The single no vote came from Commissioner Amanda Fritz, who said that she shared a core value with colleagues that “we are in need of affordable housing options for Portlanders, particularly those who are low income and at risk of displacement.” However, she voted no because Council’s decision to increase heights on 5 of 10 blocks in the New Chinatown/Japantown Historic District, “… erodes years of public process and design guidelines to right size the district.”
The Mayor concluded the voting with: “What this plan does differently is that it sets the stage for a vibrant, equitable, and healthy city core. The plan helps us realize our goals for more affordable housing, increased resilience in the face of climate change and economic recession, and more and better jobs. The plan proposes a synergistic mix of old and new industry in the Central Eastside, better protection of our iconic scenic views, and a deeper focus on our greatest natural feature – the Willamette River.”

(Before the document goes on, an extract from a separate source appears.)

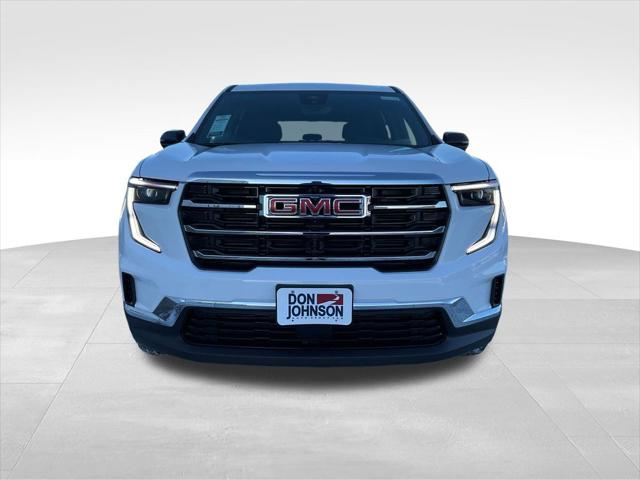 2026 GMC Acadia Elevation AWD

The re-adopted plan goes back into effect on Aug. 10, 2020, and can be viewed at CC2035 documents.
Re-adoption of administrative rules / public review period
After voting to adopt the CC2035 Plan, City Council directed the Bureau of Planning and Sustainability to re-adopt two administrative rules related to standards in the zoning code:
Low-carbon Building Certification List – New buildings larger than 50,000 square feet need to register with one of the approved Green Building Certification Programs on this Low-carbon Buildings list:
Bird-Safe Windows List – When a building triggers the standard requiring bird-safe glazing on windows, developers must choose from the materials and spacing requirements on this Bird-safe Windows List:
These draft administrative rules are available for public comment until 5 p.m., August 5. Please send comments to:
Bureau of Planning and Sustainability
c/o Rachael Hoy, Senior Planner
1900 SW 4th Avenue, 7100
Portland, OR 97201
Or by email: CC2035@portlandoregon.gov
Staff will review all comments and make a recommendation to BPS Director Andrea Durbin, who will make the final decision on any amendments to the administrative rules. The rules will go into effect, along with the CC2035 Plan, on Aug. 10, 2020.